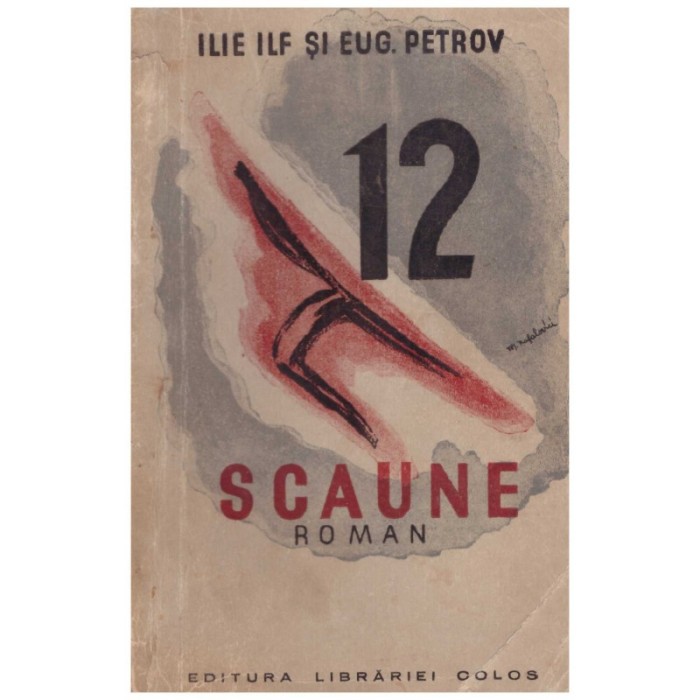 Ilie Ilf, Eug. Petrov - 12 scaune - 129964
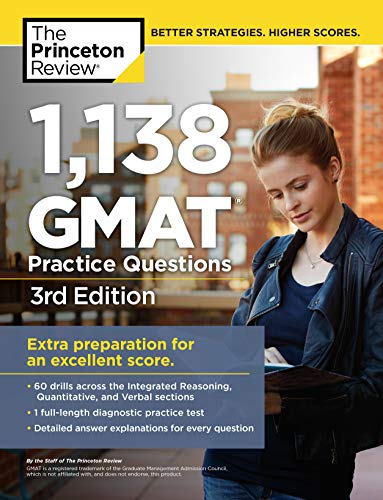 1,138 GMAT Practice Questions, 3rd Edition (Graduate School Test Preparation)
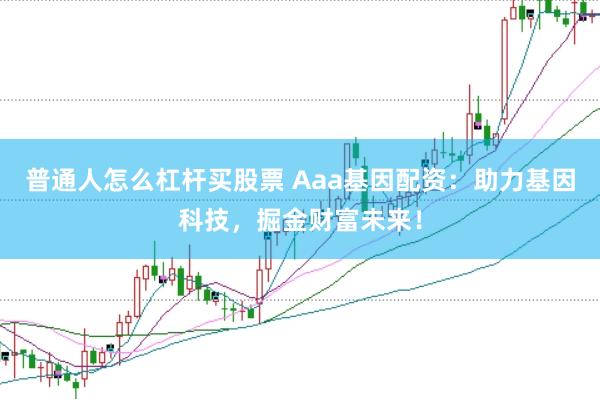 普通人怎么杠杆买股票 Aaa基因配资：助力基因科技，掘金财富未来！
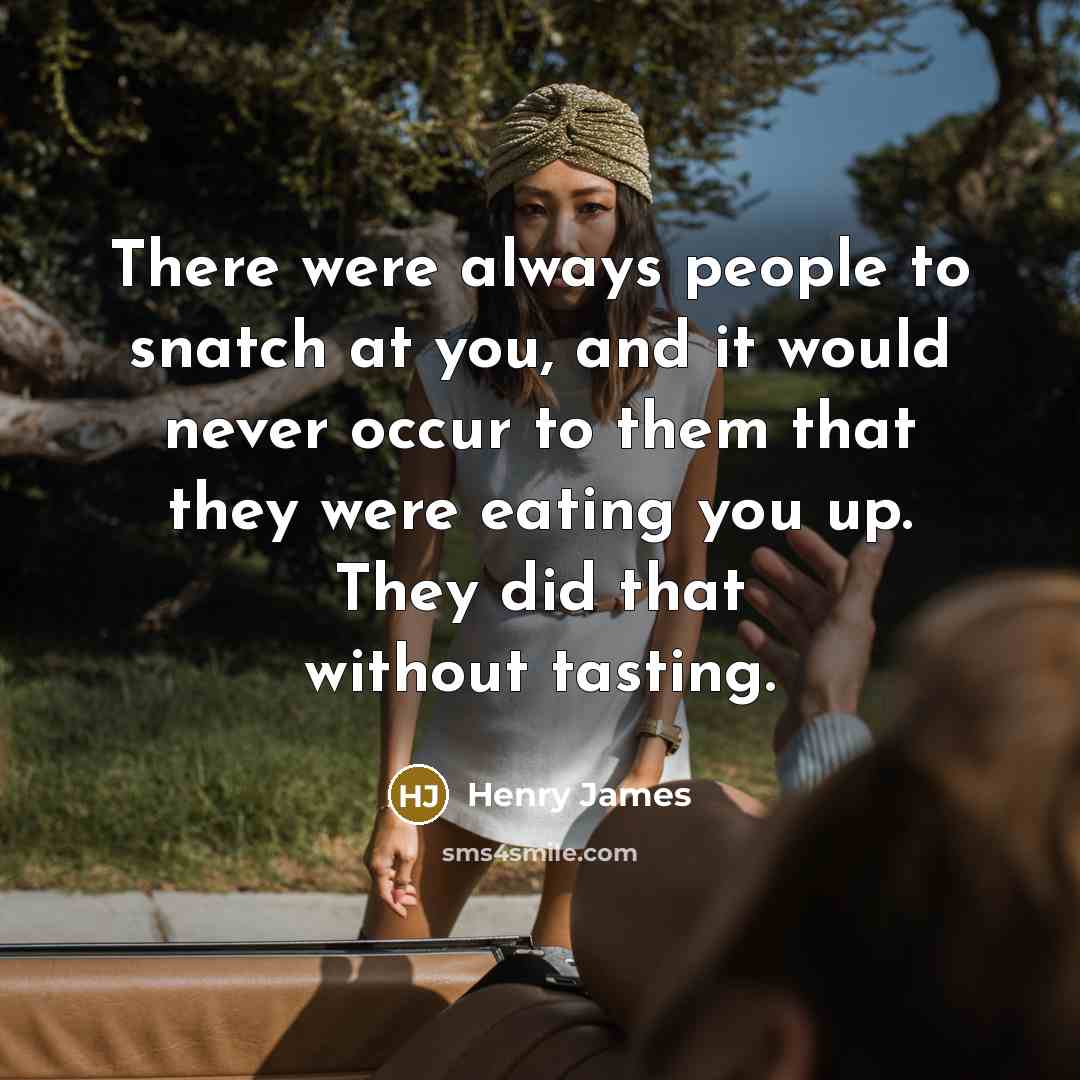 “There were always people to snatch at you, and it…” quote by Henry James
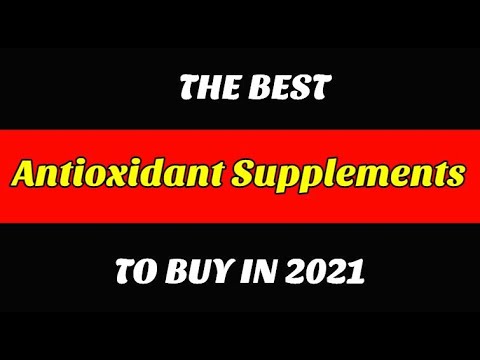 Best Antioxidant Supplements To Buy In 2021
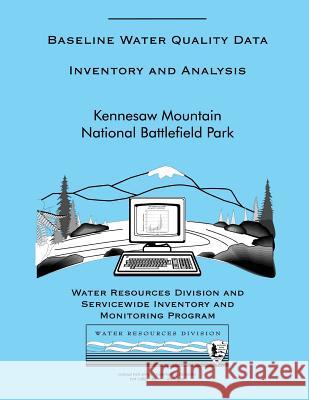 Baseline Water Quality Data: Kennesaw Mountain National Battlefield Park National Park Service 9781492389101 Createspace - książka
-------------------------
• Task instructions:
Would you return the material exactly, images excluded?

• Solution to the exercise:
 Ilie Ilf, Eug. Petrov - 12 scaune - 129964
 1,138 GMAT Practice Questions, 3rd Edition (Graduate School Test Preparation)
 普通人怎么杠杆买股票 Aaa基因配资：助力基因科技，掘金财富未来！
 “There were always people to snatch at you, and it…” quote by Henry James
 Best Antioxidant Supplements To Buy In 2021
 Baseline Water Quality Data: Kennesaw Mountain National Battlefield Park National Park Service 9781492389101 Createspace - książka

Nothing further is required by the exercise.